Your copy starts at the line containing "Chewbacca Unforgettable Peter" and ends at the last line below. Copy exactly, without pictures.
★ ★ ★ ★ ★ ★ ★
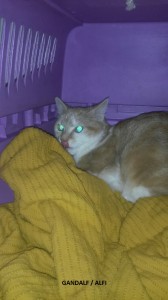 20160130_163227_resized B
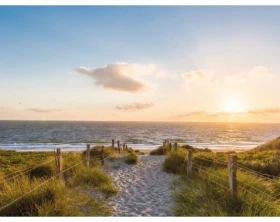 Obraz na plátne Piesočná cesta k moru, 61x46 cm%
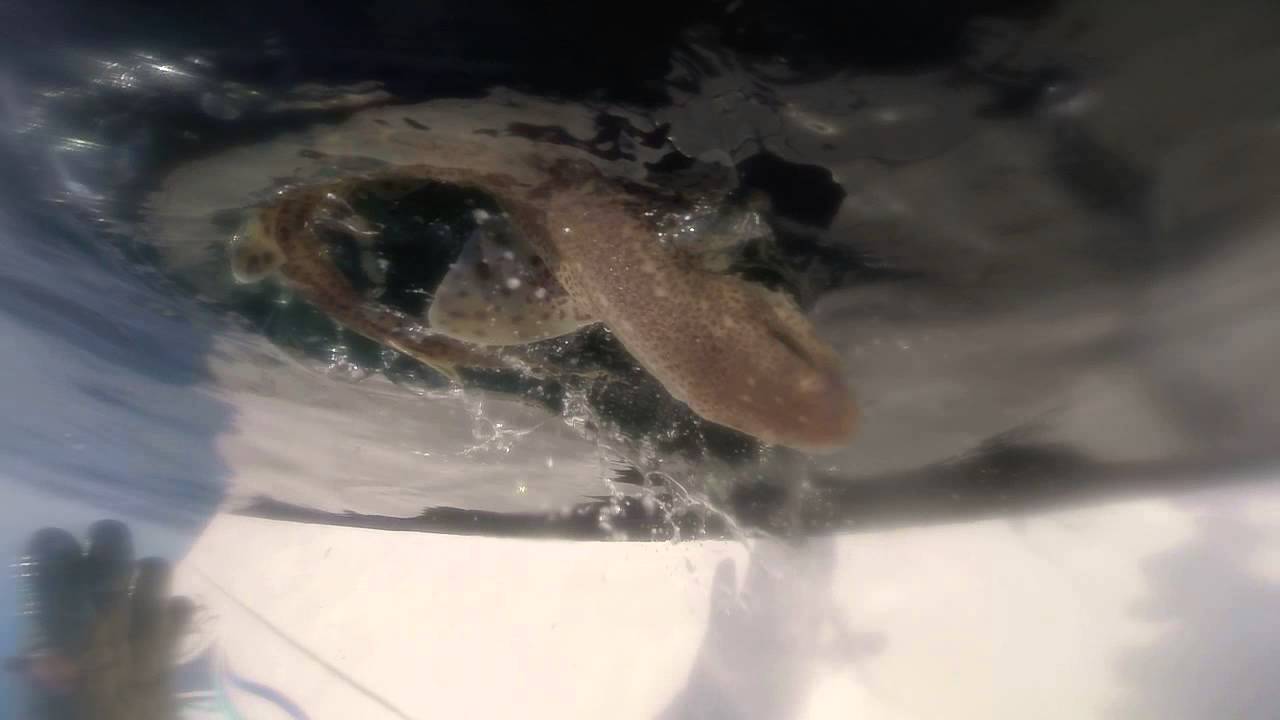 #pesca #cascais #catchandrealease #pataroxa #dragaoazul #azulobvio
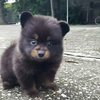 userpic__Дарья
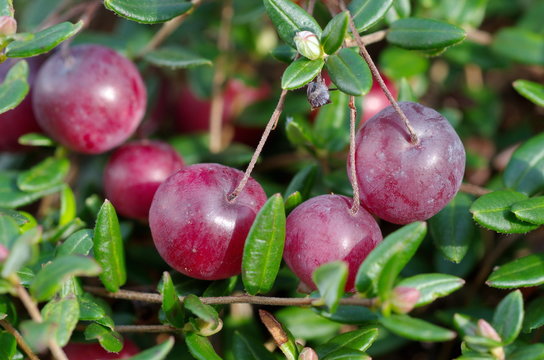 รูปภาพVaccinium เลือกดูภาพถ่ายสต็อก เวกเตอร์ และวิดีโอ28,944 Adobe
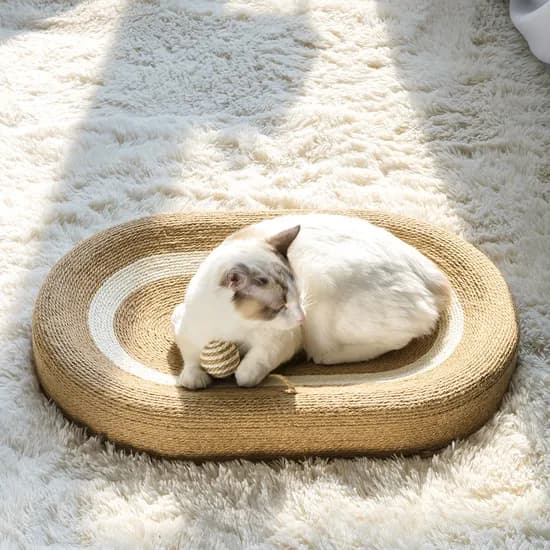 고양이 침대 스크래쳐, 1개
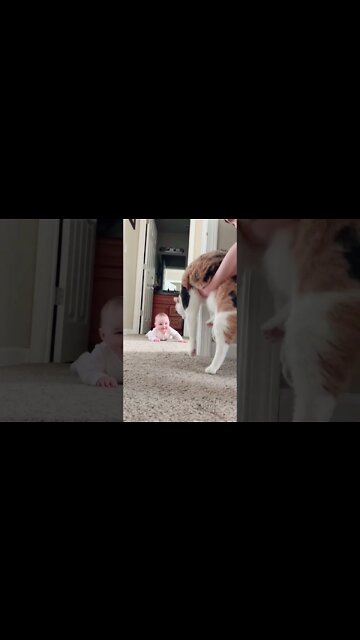 Cute adorable baby 🤩 funny baby playing, laughing, dancing, with mamma at home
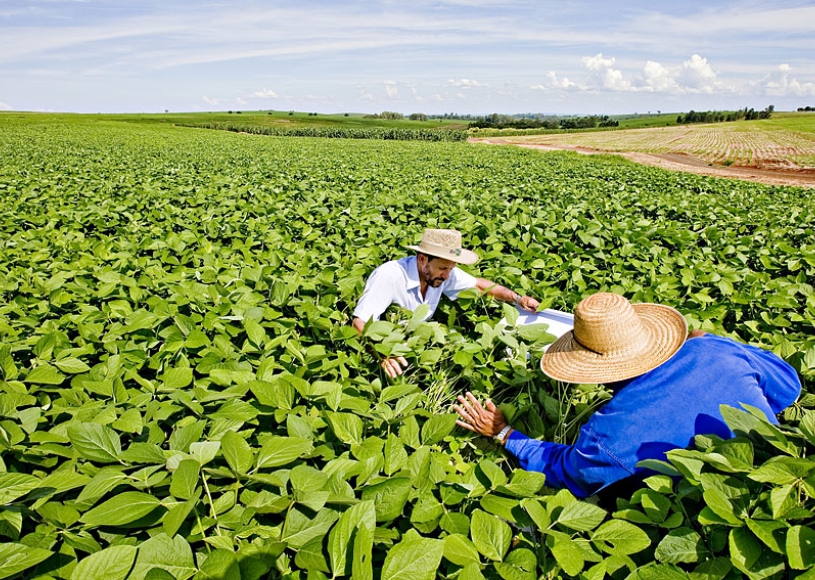 São Paulo lança plano para fortalecer cooperativismo rural no estado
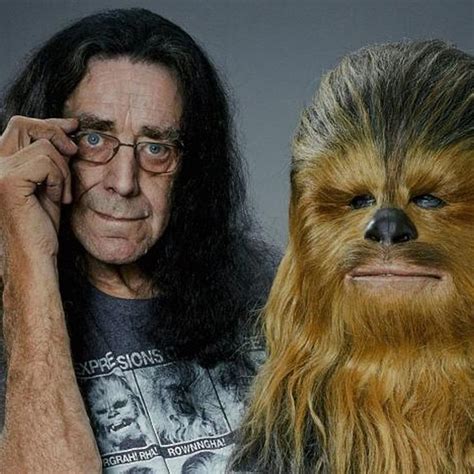Chewbacca Unforgettable Peter Mayhew Needed Protection During Star Wars 6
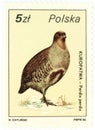 Grey partridge perdix perdix - old Polish stamp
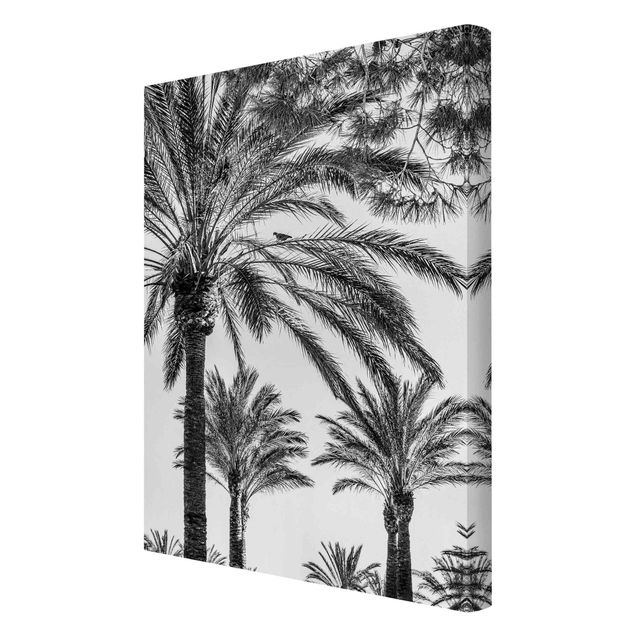 Tavlor blommor Palm Trees At Sunset Black And White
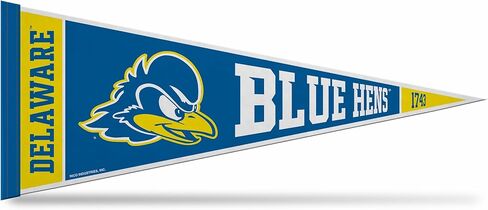 Rico Industries NCAA Delaware Fightin Blue Hens Rally 12" x 30" Felt Wall Décor Pennant - Great for Home/Bed Room/Man Cave Décor in Saudi Arabia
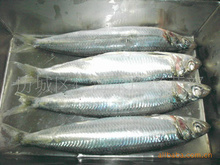 沙丁鱼片批发与供应 阿里巴巴冷冻肉市场的优选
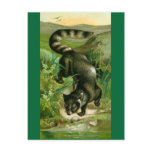 Cacomixle Postcards
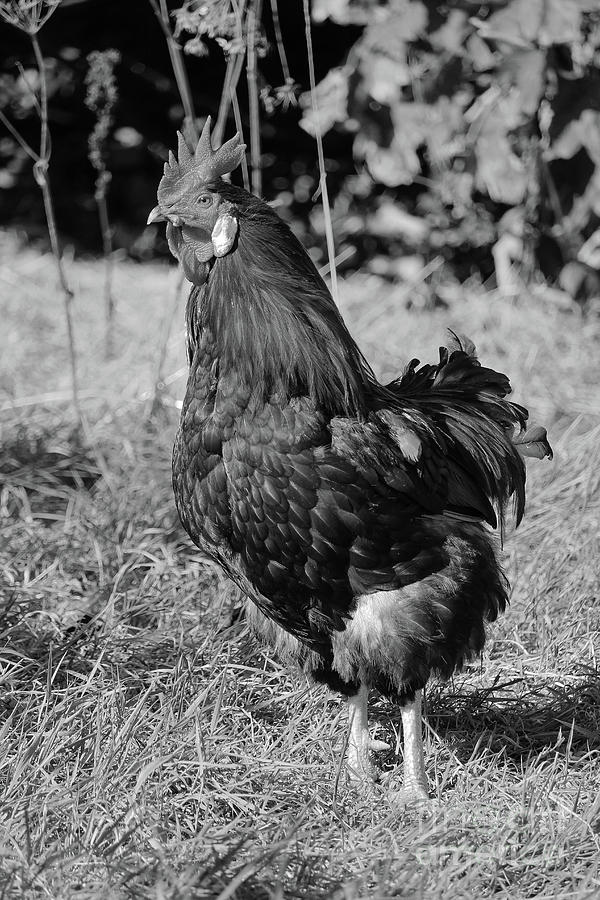 Free Range Chicken bw Vert Photograph by Eddie Barron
★ ★ ★ ★ ★ ★ ★
**Output of the task**
Chewbacca Unforgettable Peter Mayhew Needed Protection During Star Wars 6
 Grey partridge perdix perdix - old Polish stamp
 Tavlor blommor Palm Trees At Sunset Black And White
 Rico Industries NCAA Delaware Fightin Blue Hens Rally 12" x 30" Felt Wall Décor Pennant - Great for Home/Bed Room/Man Cave Décor in Saudi Arabia
 沙丁鱼片批发与供应 阿里巴巴冷冻肉市场的优选
 Cacomixle Postcards
 Free Range Chicken bw Vert Photograph by Eddie Barron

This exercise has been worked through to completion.